What is part time employment?
•Part-time employment is where employees work less hours a week than a full-time member of staff.Entitlements such as holidays are reduced in line with the amount of hours worked.
What are the pros to the business of part time employment?
•Employ staff when they're required
•Flexibility to increase hours
•More staff bring in new ideas
What are the pros to the employee of part time employment?
•Employees can fit work around other commitments such as childcare
•Less stress due to a better work life balance
What is full-time employment?
•Full-time employment is where employees work a number of hours equivalent to the normal working week. This is usually 35 hours or more.
What are the pros to a business of full time employment?
•Communication is easier within the business
•Narrower spans of control exist
•Consistency with workload
•Employee skills can develop more quickly
•Staff may be more committed to the business
What are the pros to the employee of full time employment?
•Improves standards of living
•Potentially more opportunities available within the workplace, such as training & promotion
•Feel more involved & part of the organisation.
What are the different ways of working flexibly?
•Work a set number of hours each year:the employee, in conjunction with the employer, decide when the hours are worked to fit in with the needs of the business & the member of staff.
•Zero hours: employees will not be guaranteed any hours of work each week, although they may be offered many hours or none at all
What are the pros to a business of working a set number of hours each year?
•More people are likely to apply for vacancies
•Higher staff retention & lower absenteeism
What are the pros to the employee of working a set number of hours each year?
•Security of regular pay
•Flexible hours can reduce childcare costs
•General well-being improves
What are the pros & cons to a business of zero hours?
•Pros:
->Maximum amount of flexibility
->Staff work only when they are needed
•Cons:
->Low staff retention as staff may seek out jobs that offer more secure hours & pay
What are the pros & cons to the employee of zero hours?
•Pros:
->Some employees enjoy this type of flexibility, such as students
•Cons:
->Pressure to accept inconvenient hours
->Difficult to plan ahead financially
What are permanent contracts of employment?
•Permanent contracts of employment are ongoing until they're either terminated by the employer of the employee. (These may be issued on a full-time or part-time basis.)
What are the pros to a business of permanent contracts?
•Increased motivation & productivity as employees view their job as more of a long-term career
•Higher staff retention; skills are retained in the organisation
What are the pros to the employee of permanent contract?
•High degree of job & financial security
•Skills can develop as many businesses can invest in the training & development of permanent staff.
What is a temporary contract?
•A temporary contract is one that has a specific end date, where the worker is only employed for a certain period of time.

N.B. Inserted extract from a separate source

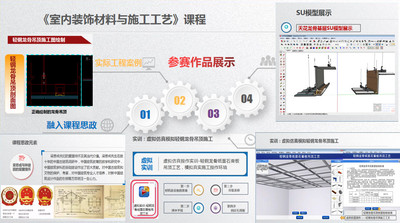 室內裝飾材料與施工工藝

Temporary contracts are very common within the retail industry and in other industries with seasonal demand.
What are the pros to a business of temporary contracts?
•Flexibility with staffing to meet fluctuations in workload
•Can evaluate the strengths & weaknesses of an employee before committing to a permanent contract
What are the pros to the employee of temporary contracts?
•Increased flexibility may suit some workers, such as students.
•Ability to work in different organisations & learn new skills.
What is a freelance contract?
•One where a self-employed individual is engaged to carry out a specific piece of work over a defined period of time.A freelance employee may be hired on a daily basis or to complete a specific job.